Hadis-i şerifte, "Ramazan ayı gelince cennet kapıları açılır, cehennem kapıları kapanır ve şeytanlar zincire vurulur" şeklindeki ifade tarzının manası mecazidir. Zira Kıyamet günü gelmeden gerçek manada kimse ne cennete ne de cehenneme gider. Bunlar, hesap gününden ve herkesin ne hak ettiği belli olduktan sonra ancak gerçekleşebilir. Bunun açık izahı şudur: Bu ayda cennete götürecek amellerin çoğalması, cehenneme götürecek amellerin de azalması sebebiyle şeytanın işi kesat olur. Nasıl ki birinin tezgâhı ve işyeri fazla iş yapamayınca "işi kapandı" deniliyorsa bu da böyledir.

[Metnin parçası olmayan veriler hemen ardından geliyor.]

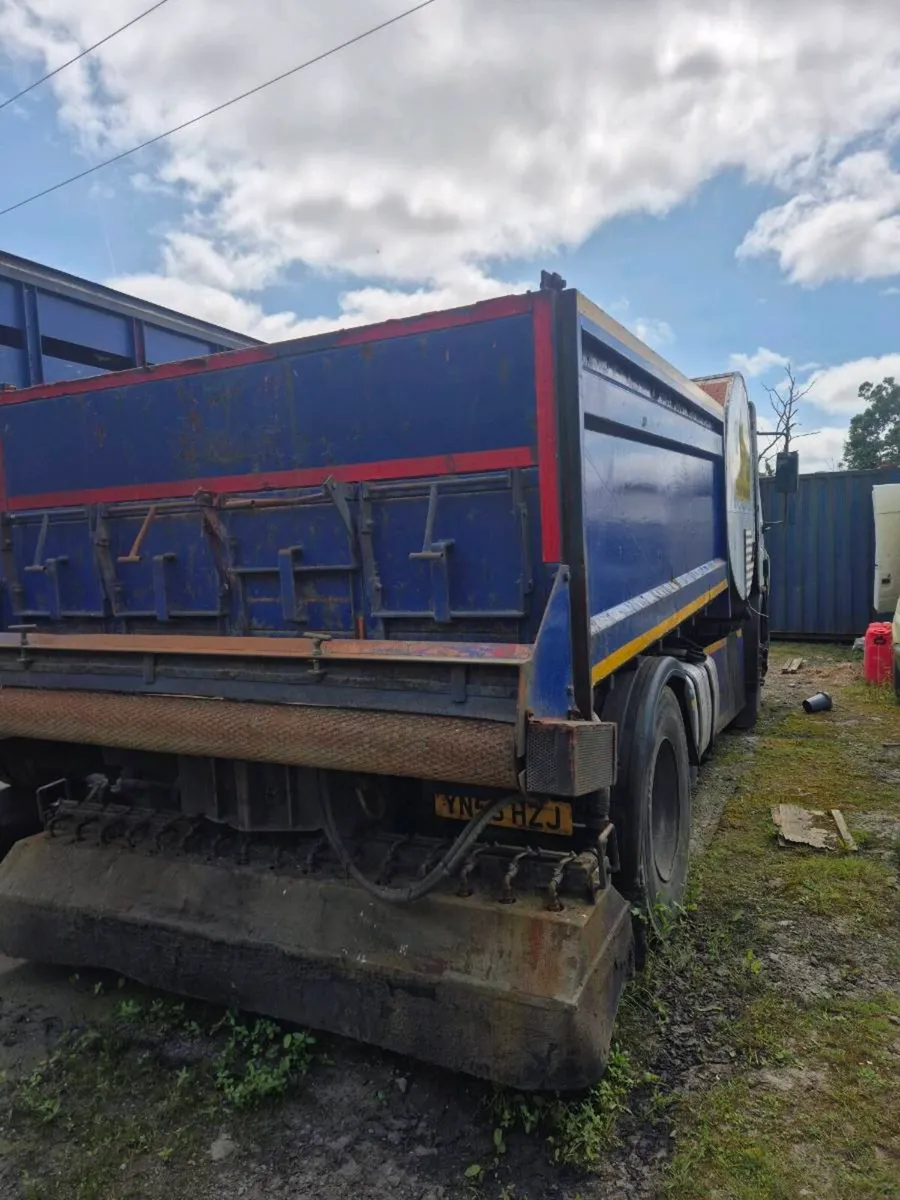Daf tar and chip lorry - Image 1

Nitekim Allah (CC), insanoğluna karşı en nihai gücünü kullanması için kıyamet gününe kadar şeytana mühlet vermiş, ona fırsat tanımıştır. O durmadan insanoğluna karşı yayanlarıyla ve süvarileriyle dört cepheden saldırı düzenlemektedir, gece gündüz görev başındadır. Âdemoğullarını Allah`a asi düşürmek, kendisi gibi cehennemlik yapmak için fırsat kollamakta ve bütün oyunlarını oynamaktadır. Ancak bu mübarek Ramazan ayının himmetiyle müminleri pek fazla kandıramadığı için işi kesatta, iflastadır. Tezgâhı iş yapamıyor, elemanları iş göremiyor, Zincirlerle bağlanmış gibiler, meydanlarda cirit atamıyorlar. Çünkü insanlar bu ayda Şeytaniliği bırakmış, Rahmanileşmişlerdir.

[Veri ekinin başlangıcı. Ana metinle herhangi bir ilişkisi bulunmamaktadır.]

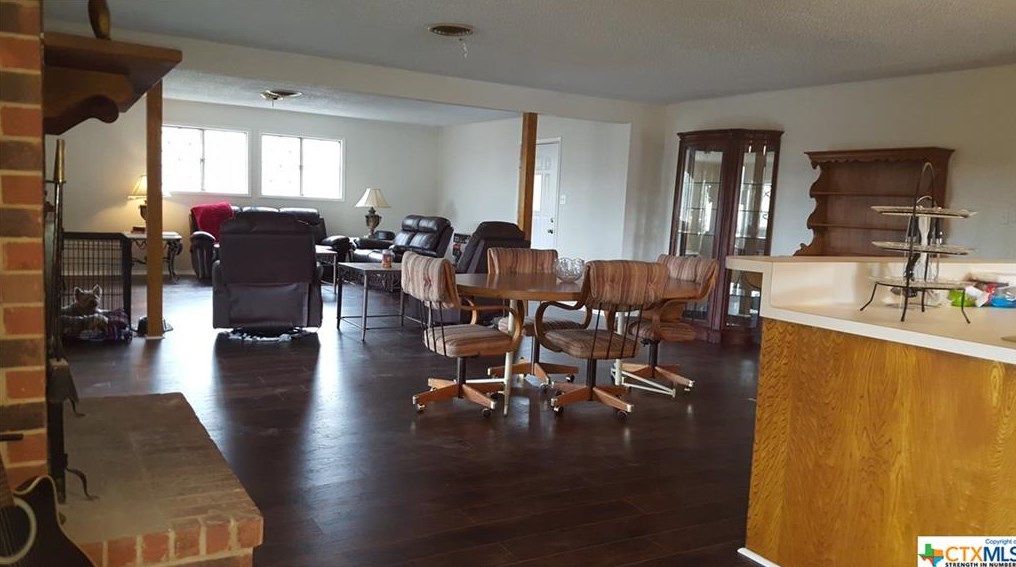 631 Scenic Dr, New Braunfels TX 78133-3675 exterior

Ama bir fırsatını bulur da o zincirden halas olursa var yaa, ortalığı toz duman eder. İpini ele geçirdiği insanları öyle bir dürtükler, öyle bir fitneler ki onları zapt etmek, sinirlerini yatıştırmak her babayiğidin harcı değildir. Bilmem hiç görmüş müsünüz oruçlu insanların kavgaya tutuşmalarını? Kavgaları her zamankinden çok daha fena ve şerleri müthiştir. Hele iftara doğru çok daha aceleci ve sinirli oluyorlar. İşte şeytan aleyhillane böylesine sabrın azaldığı, sinirlerin gerildiği anları fırsat biliyor, fitnelerini daha rahat yayabiliyor.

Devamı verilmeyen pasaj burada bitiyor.